Sister 2 wore this, but rainbow cooky, and no wig. (image from doodysfancydress.co.uk

As the ’70s Disco Funky Roller Skating Party name may suggest, there were outfits. I’ll hit the highlights. First of all, every woman there sported blue-green eyeshadow. Some of it was sparkly. Sister 2’s outfits had been purchased for her by her friends: for pre-game, a lame’ funkadelic rainbow tie-dyed halter-topped bell-bottomed skin-tight unitard, false eyelashes and platform shoes. She’s 5’8 1/2″ barefoot, so in this get-up, she looked like an Amazon woman. A brick house. Plus she’s got long blonde hair, which was curled back at the ends. For skating, she changed into Olivia Newton-John circa 1982 (a chancy dodge of the ’70s vibe), in those glittery stockings that are impossible to put on or take off, super-short, satiny, hot pink shorts, a white shirt covered with a hot pink off-the-shoulder 3/4 sleeve top, and (the ’70s prequel to the legwarmer) tube socks with hot pink stripes around the calves.

BIL 1 looked like Chester the Molester in a semi-see-through button-down rolled sleeve shirt with breast pockets and the top four buttons undone to show off his rather copious chest hair, plus red polyester pants, a diagonally striped belt and a pair of driving mocs.
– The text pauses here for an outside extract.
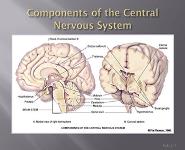 Neurologic Assessment PowerPoint Presentation Notes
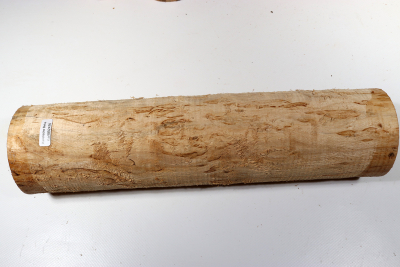 Karelian Masurbirch, spalted 335x85mm - KarMB2476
Plus a pair of gold-rimmed sunglasses, some slicked back hair, and some fine shaving work that pared his full beard down to mutton chops and a mustache. When we got to the skating rink, I was a little surprised that there was no photo of him posted on the door with a big, block-lettered message warning everyone not to let him in because it was dangerous for him to be around children. Before he left the house, he told Twin Nephs that if anybody who looked like him ever tried to talk to them, they should run away.

I wore something like this, but striped. (image from auctionnight2008.org)
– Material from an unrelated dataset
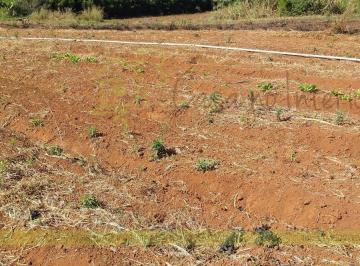 Foto 22 · Terreno - Ivoturucaia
I myself had nothing disco-y on hand. Instead, I opted for JC Penney’s catalog circa 1979: higher-waisted, dark, flare-legged jeans, a very striped almost butterfly collared button-down shirt with the sleeves folded back, tightly tucked in and finished with a skinny red belt. I was going to do the Farrah Fawcett thing to my hair, but I couldn’t bear to go quite that far with the look knowing I’d have to get gas and stop at toll booths, so my hair hung flatly from its center part.

We pre-gamed briefly at a local watering hole and then swept into the skating rink where we descended on the poor retiree at the skate rental desk with reckless fervor.

This is probably the part where I should mention I have not been on roller skates in at least 20 years.

First order of business after lacing up my skates (which were oddly wet in spots – I chose to believe the rental desk guy had just thoroughly disinfected them with anti-fungal spray) was to relieve my bladder, straining from a road trip twice as long as it should have been due to traffic, and compounded by a beer. Skating on carpet is trickier than I remembered. I struggled to figure it out. Do I skate? Do I walk? Capable of neither, I sort of half-assed it with a combination of the two, punctuating my moves with occasional arm-wheelies for balance retention.

When I got to the bathroom, I was confronted with a tile floor. Huh. This could be a scene. And me without my LifeAlert. I stutter-skatewalked to a stall, bursting for relief, and slowly rolled in.

And then I couldn’t turn around.

I stood there, facing the toilet. Strategizing.

Okay.

Okay, so…

Okay. 

I slowly worked myself around in tiny little controlled baby steps so that I was facing the stall door. Thinking I was home free, I got myself situated and began to assume the position. My bladder contracted excitedly.

I don’t know about you, but public bathrooms always make my mother’s voice ring in my head, so I squat instead of sitting. I crouched.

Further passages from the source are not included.